BEGIN Records supplied

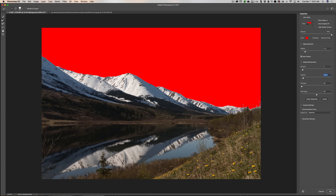We have the edge detection brush active by default, so we can paint in along the edges to try to improve the selection. I spend a lot of time on selections in Photoshop — I'm a perfectionist — but for the sake of this video we're going to say it's good enough. We'll output to a selection and click OK.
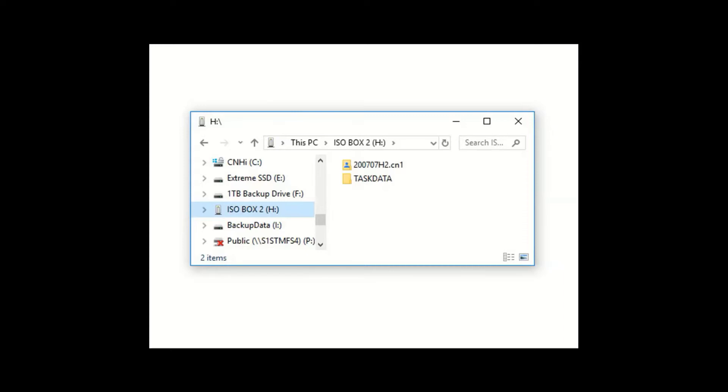In addition to this, we can also import third-party shape file prescription maps and convert them for use in our display, which will be covered in a separate tutorial.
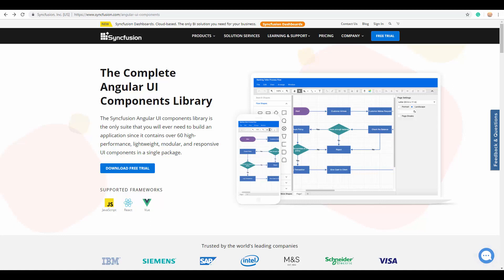Hey guys, this is Uma from Syncfusion and this video is all about the Syncfusion Angular Scheduler and its top 10 great features.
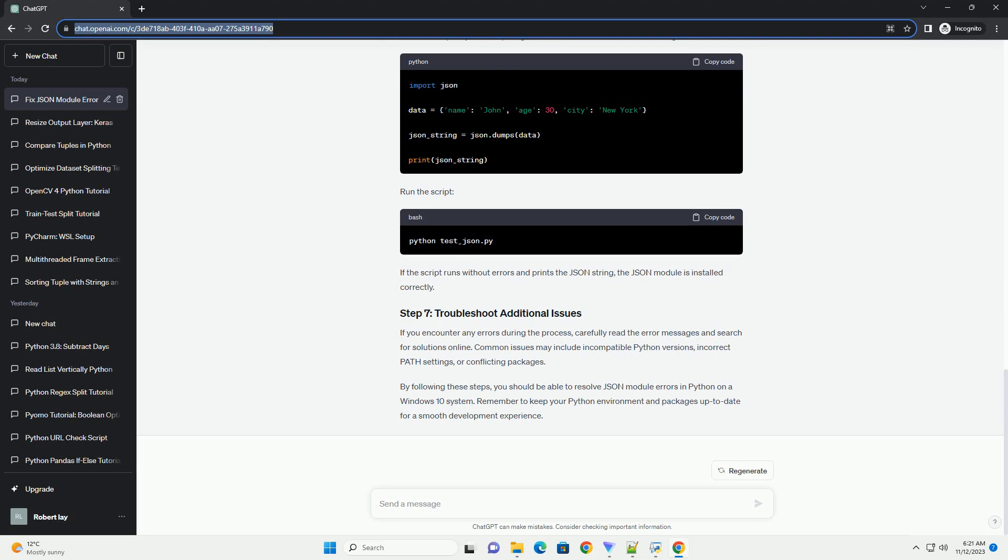Create a simple Python script, example test-json.py, and add the following code. Run the script. If the script runs without errors and prints the JSON string, the JSON module is installed correctly.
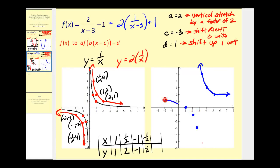The graph would look something like this. That'll do it for the examples. I hope you found them helpful and good luck with your transformations.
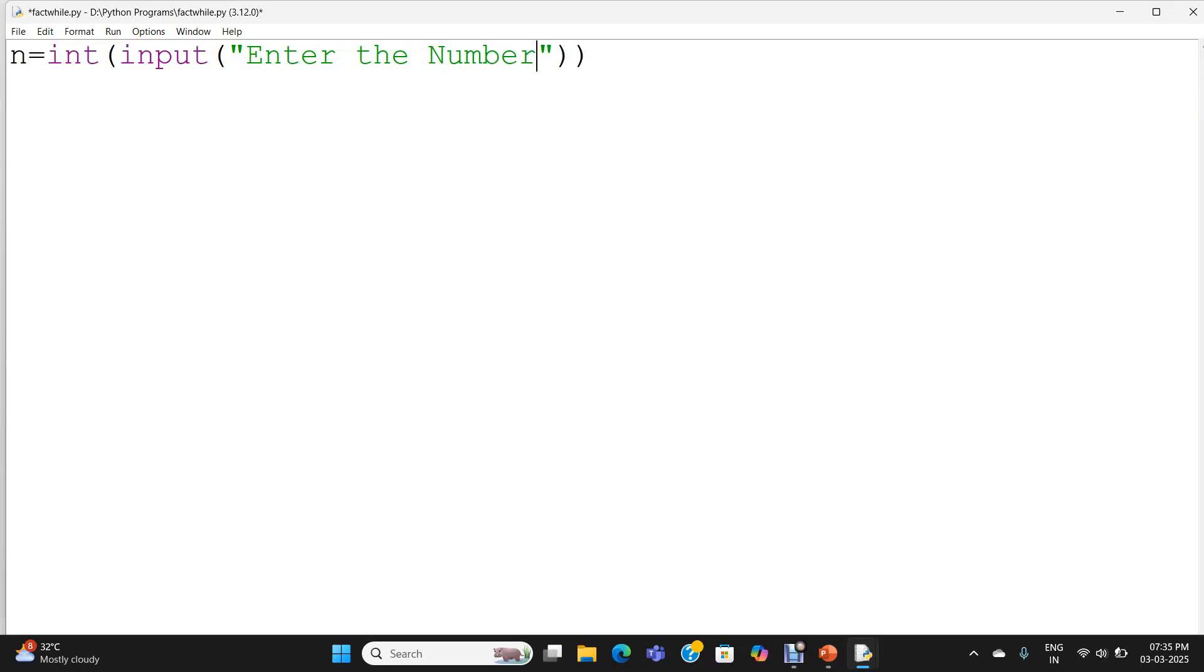Input statement displays the string "enter the number" in the user's console. When user enters the number, input receives it as a string. Int function converts it as an integer and stores it in the variable n.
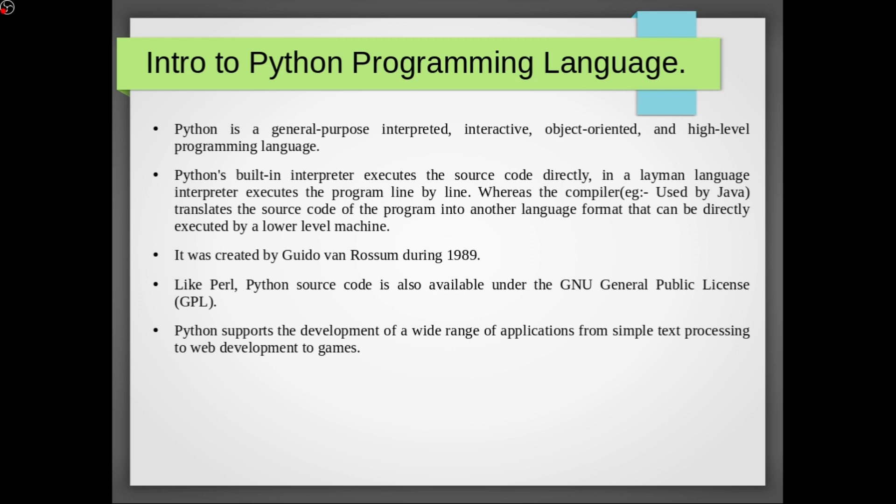It was created by Guido van Rossum during 1989. Like Perl, Python source code is also available under the GNU General Public License or GPL. Python supports the development of a wide range of applications from simple text processing to web development to games.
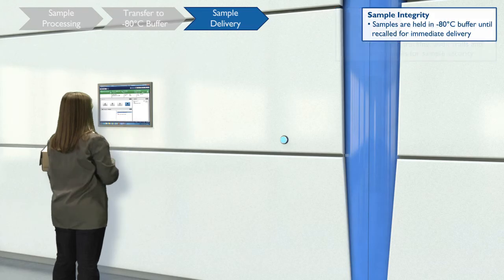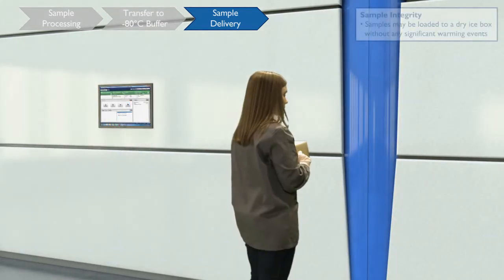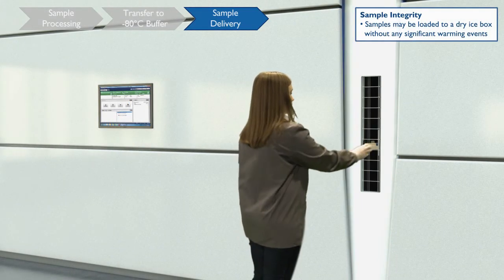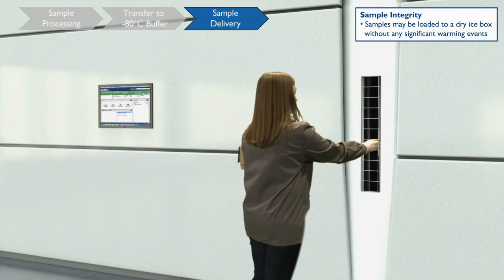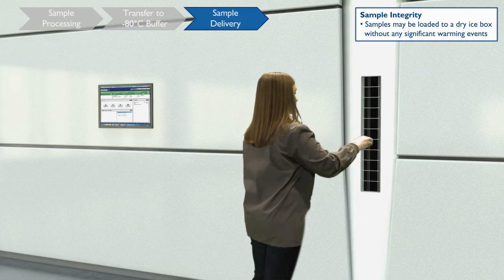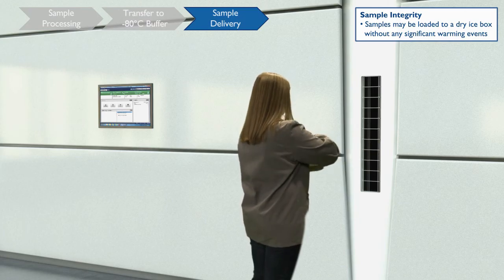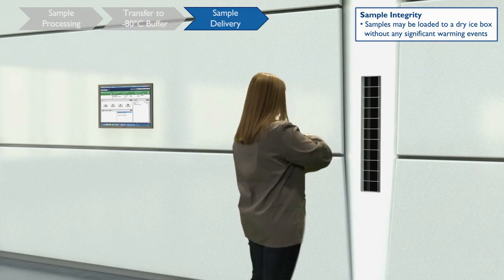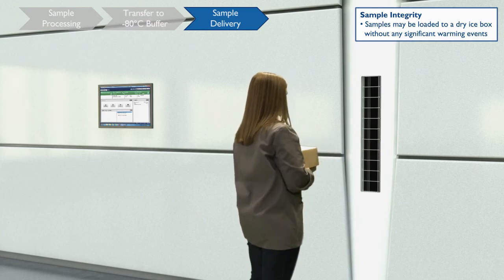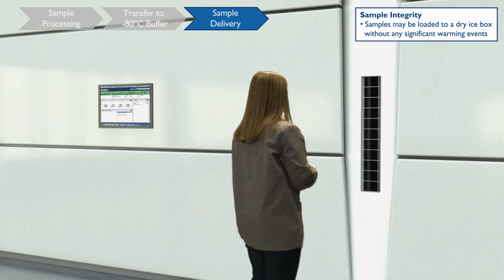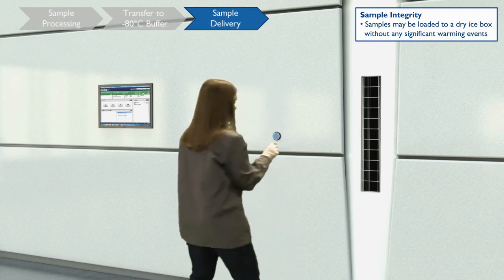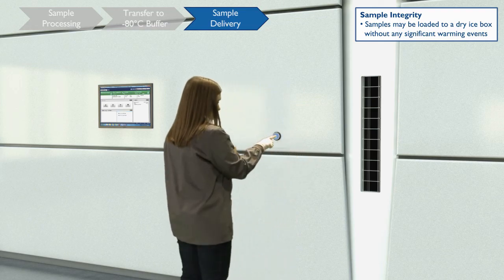BIOS then automatically retrieves your samples from the buffer and places them into the input-output station for removal. Your cold samples can be loaded directly onto dry ice for immediate transport.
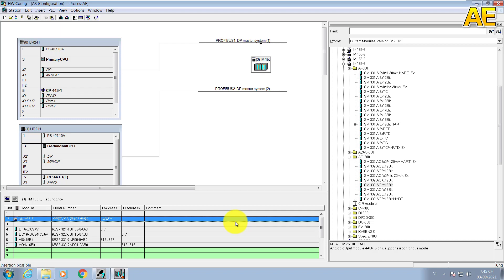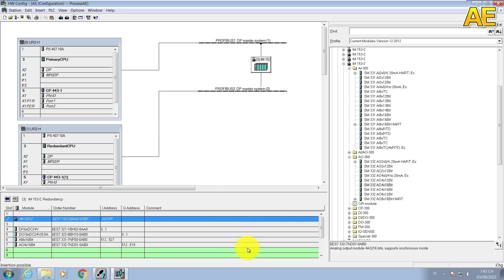So it's done for the configuration for the hardware. Thanks for watching. In the next video I will show you how to set the communication between the hardware, the AS station and the OS station. See you.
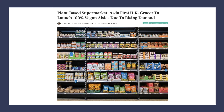Aisle space in supermarkets is also in competitive supply. Brands often fight hard for scarce space on the shelves of leading supermarkets, and vegan foods are starting to make significant headway, as this feature on Asda makes clear.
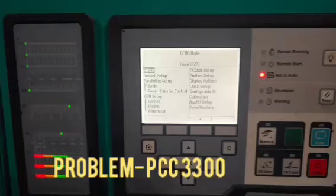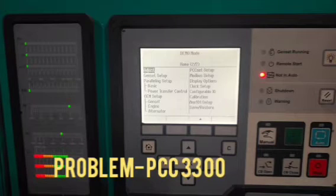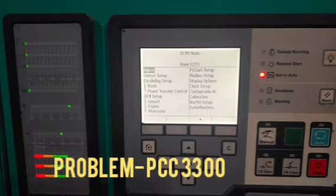Hi friends, today I am showing you one of the major problems on this panel. The name of the panel is PCC3300 and this panel has been fitted on the 1.5 MW engine.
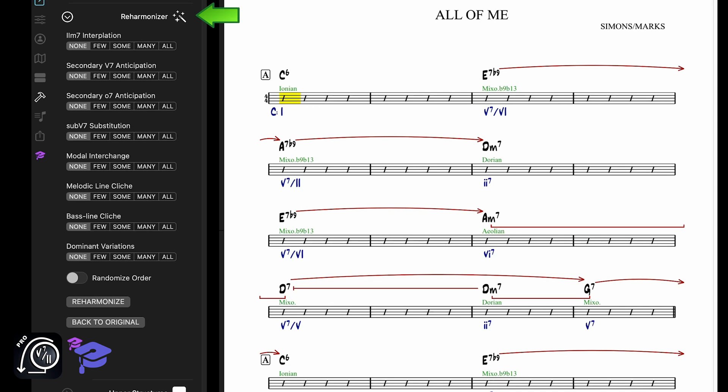The Reharmonizer in Mapping Tonal Harmony Pro is a powerful tool that allows you to reharmonize any song using effective reharmonization techniques. The tool is really easy to use.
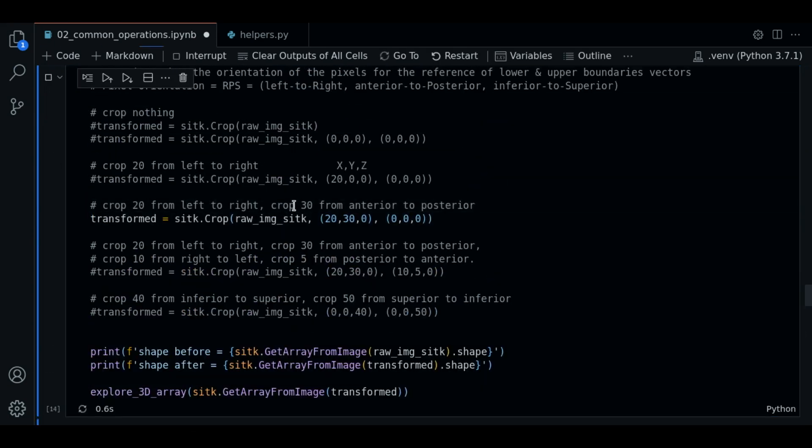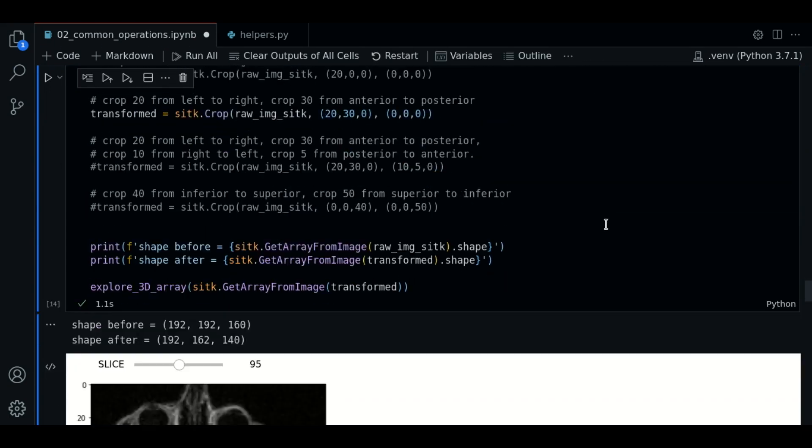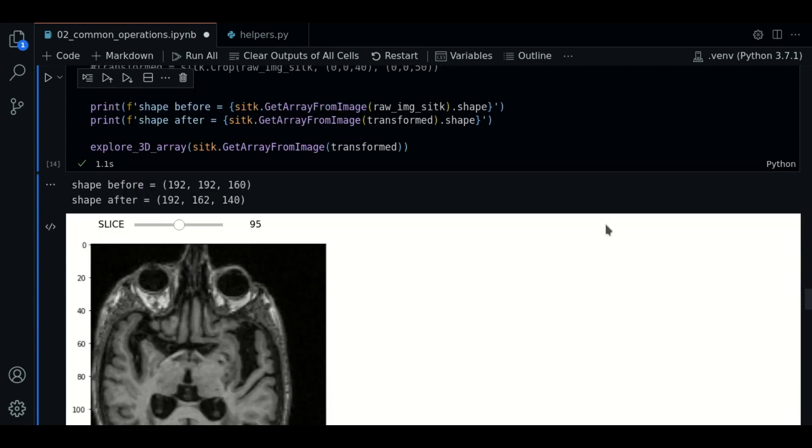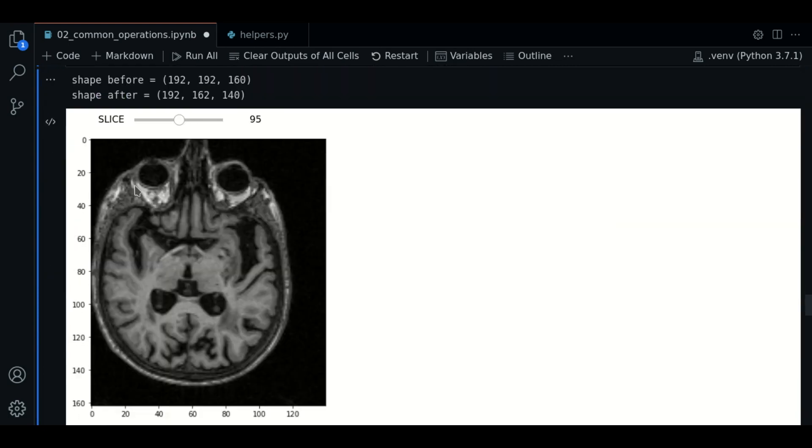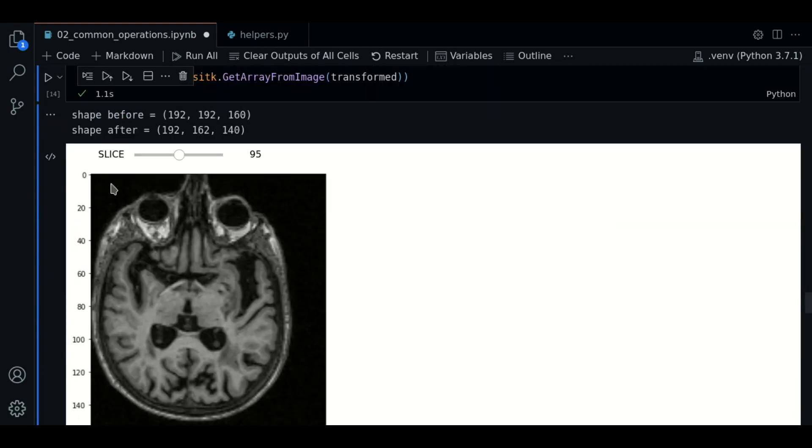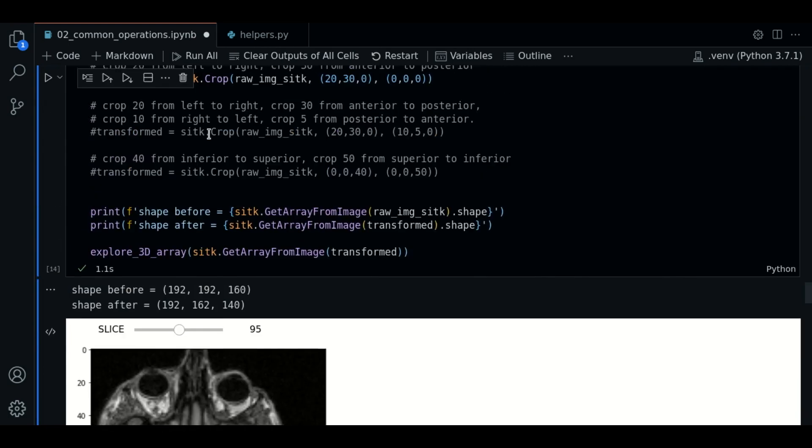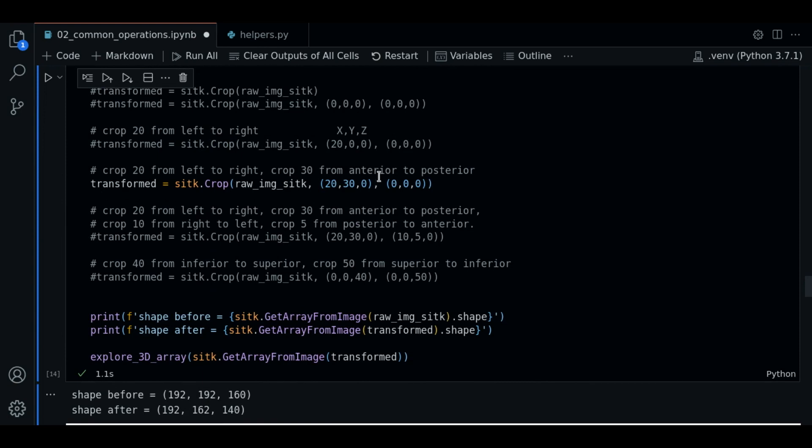We uncomment this and execute. And we'll see that the image is cropped in both sides. Cool.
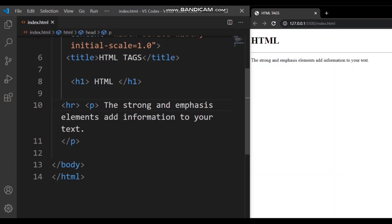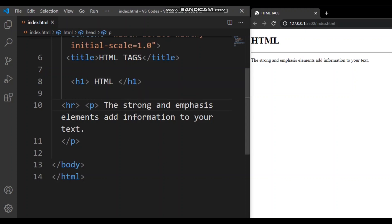We are going to write down, let's find where the main information is. Strong and emphasis elements add information to your text. That's kind of like a main thing you want to learn sometimes but I am going to do it from right here because strong, you know, it's obviously strong.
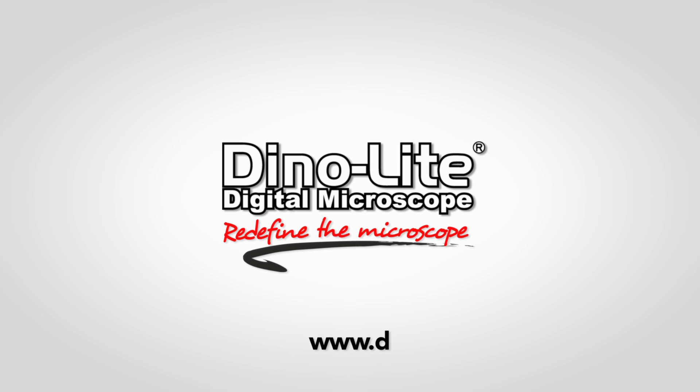For more information visit us at www.dynolite.us.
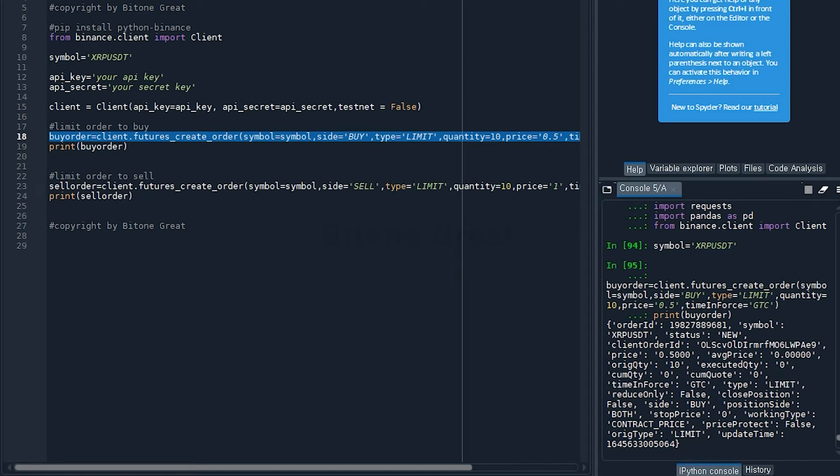Hey guys, welcome to Bitonegreat. In this video I'm going to talk about how to place a limit order for both buy and sell orders for Binance Futures exchange.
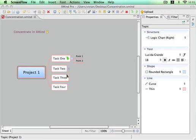This video demo is about how to concentrate in XMind. Now we are looking at a simple project map. Normally there are many tasks, but we don't have to see all of them all the time. So we may concentrate on task one at the beginning.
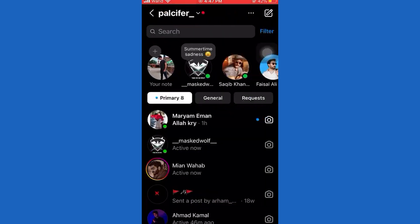The first step is to open up the Instagram application and then tap on the messages icon at the top right corner of the screen.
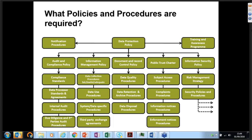You need a subject access requests procedure. Individuals now have powerful rights, so the process must cover who they write to, how you validate their identity, and how complaints are managed. This area is likely to grow as people become more aware of their rights. Finally, you need a risk management methodology that informs the policies and controls you have in place — your strategy for risk management should feed into your overall policy framework.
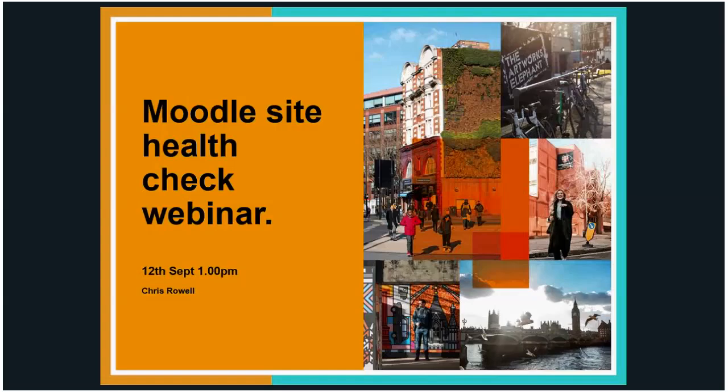Welcome to this afternoon's webinar. The title for this week's talk is Moodle Site Health Check. I'll go through and explain in a little bit more detail what the objectives are of this session.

END Records supplied

When you reach the line with "The Reharmonizer in" in the records above, begin repeating the lines exactly, and stop after the line with "For more information". Skip all pictures.

# Result of the exercise:
The Reharmonizer in Mapping Tonal Harmony Pro is a powerful tool that allows you to reharmonize any song using effective reharmonization techniques. The tool is really easy to use.
We uncomment this and execute. And we'll see that the image is cropped in both sides. Cool.
We are going to write down, let's find where the main information is. Strong and emphasis elements add information to your text. That's kind of like a main thing you want to learn sometimes but I am going to do it from right here because strong, you know, it's obviously strong.
For more information visit us at www.dynolite.us.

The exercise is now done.